Les mêmes désordres se propageaient dans les autres monastères. La dignité d'abbé, que cent ans auparavant on n'acceptait qu'en tremblant, devint un sujet de discorde parmi les religieux tous aspiraient à cette dignité, dans laquelle on ne voyait plus que le pouvoir absolu et l'abus des richesses, passions effrénées des hommes corrompus et des cœurs blasés. Enfin on pouvait appliquer aux Vosges ce que l'apôtre de l'Allemagne (a) disait des prêtres de son tems : « autrefois nous avions » des prêtres d'or qui sacrifiaient dans des calices de » bois; aujourd'hui nous avons des prêtres de bois qui » sacrifient dans des calices d'or. »
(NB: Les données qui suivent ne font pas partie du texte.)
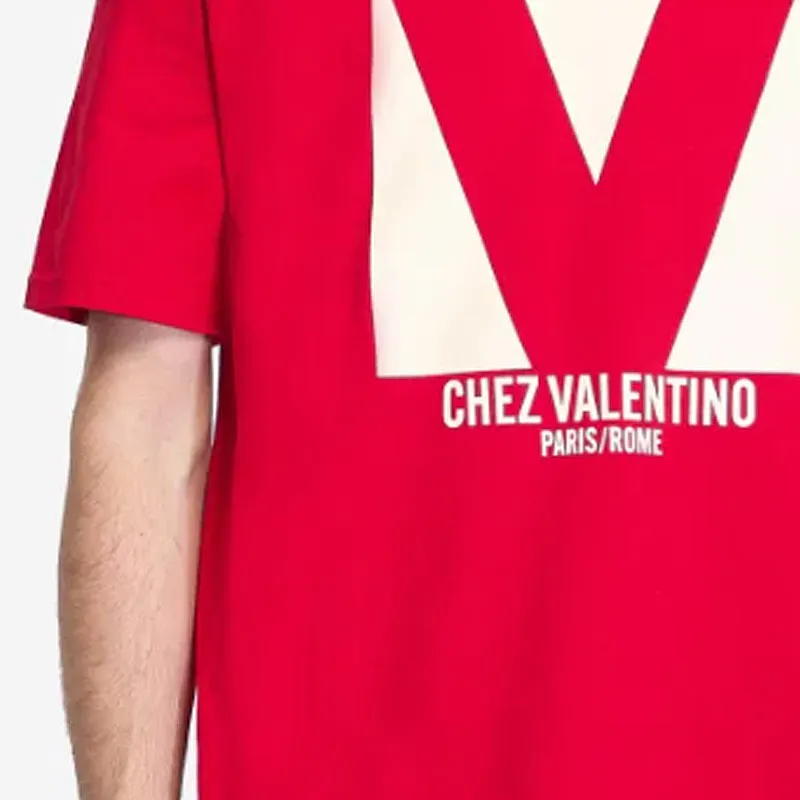 Valentino Chez Valentino Print T Shirt-5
Un si prodigieux changement dans les moeurs des moines leur fit perdre la considération dont leurs prédécesseurs avaient joui (b). Cependant ils vivaient en paix dans l'opulence, loin du bruit des armes et des troubles qui déchiraient l'Austrasie. Mais les partis qui se formèrent à la suite des guerres soutenues par Charles Martel, se répandirent partout où ils espéraient trouver du butin. Les monastères des Vosges n'échappèrent pas à leurs recherches. La forteresse de Galilée résista d'abord et cette résistance tourna au détriment des habitans. Ceux-ci, dépouillés tandis que les moines étaient dans l'abondance, crurent se venger des excès dont ils gémissaient en accusant la religion des crimes de ses ministres. Un fléau terrible, la famine accompagnée de toutes ses horreurs, cortége inséparable des guerres de cette époque, acheva de ravager le pays et mit le comble à la désolation. Dès-lors il ne resta plus de frein à l'égarement des esprits; l'ignorance des ecclésiastiques, l'abrutis

(a) Boniface au concile de Trèves (neuvième siècle).

(b) Ces désordres étaient partout les mêmes; l'archevêque Tilpia s'en plaignait au pape Adrien: et clerici et sacerdotes et monachi et sanctimoniales, sine lege ecclesiasticá, pro voluntate et licentiâ vivent. FRODOARD, cap. 13, Hist. remensis ecclesiæ.